Make This A DIY Plumbing Weekend
It’s easy to spring a troublesome leak in your bathrooms, kitchen or utility room if the water lines for your sinks, toilets and washing machine are made of rubber or plastic. That’s likely to be possible if you have an older house. But even some newer homes can use plastic supply lines or plastic nuts on the plumbing lines.
When you have a leak, it can be impossible to turn off the water to a sink or toilet if the shut-off valves are old-fashioned gate valves – the kind that look like small steering wheels and have to be twisted to shut off the water. You can replace those individual gate valves in bathrooms and the kitchen by yourself.
But if the main shutoff valves for the whole house are gate valves, it’s a good idea to have a plumber replace those main valves with new ball valves so you can shut off the water in an emergency.
What Equipment Do I Need To Complete This Myself?
The tools you will need for your weekend of plumbing jobs are an adjustable wrench and possibly locking pliers.
You’ll have to visit a hardware store to buy braided stainless steel supply lines for each connection you’ll be working on.
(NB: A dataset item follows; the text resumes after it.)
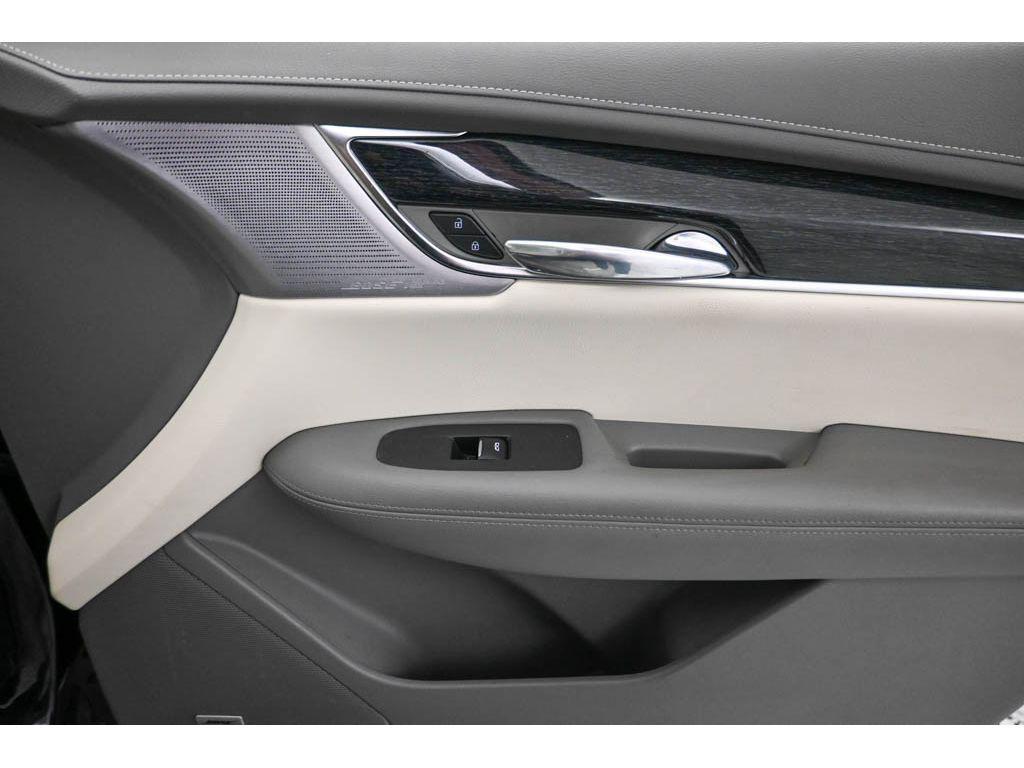 used 2022 Cadillac XT6 car, priced at $33,133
Make sure that the supply lines are braided stainless steel with metal attachment nuts on each end.
You’re also going to buy new angle stops or shut off ball valves to replace the old gate valves, but you may be unsure of what type of valve you want until you have removed one of them. Once it is removed, take it with you to the hardware store for help with getting the right type of valve.
How Should I Approach & Complete The Job?
When you start that first plumbing job, first go outside to turn off water to the entire house. You can often find that main water shutoff valve located close to a garden hose valve near the front of your house. Turn that main valve off and then turn on the garden hose valve to relieve the pressure.
Back inside the house, remove the supply line you want to replace, and use a wrench to unscrew the existing gate valve. Be sure to have a towel or a few rags handy as there will be water to soak up.
At this point, you can take the old valve to the hardware store for help in getting the right valve or valves. You’re buying the solid brass, quarter-turn style as they are the least prone to corrosion.
Then install the new valve, connect the supply line and turn the new valve to off.
Next, go outside and turn on the water to the whole house and again go inside to check your new valve and supply line for leaks. If everything is OK, turn on the new valve and check again for leaks.
There you go. You now have angle stop supply valves and supply lines that will last for many years.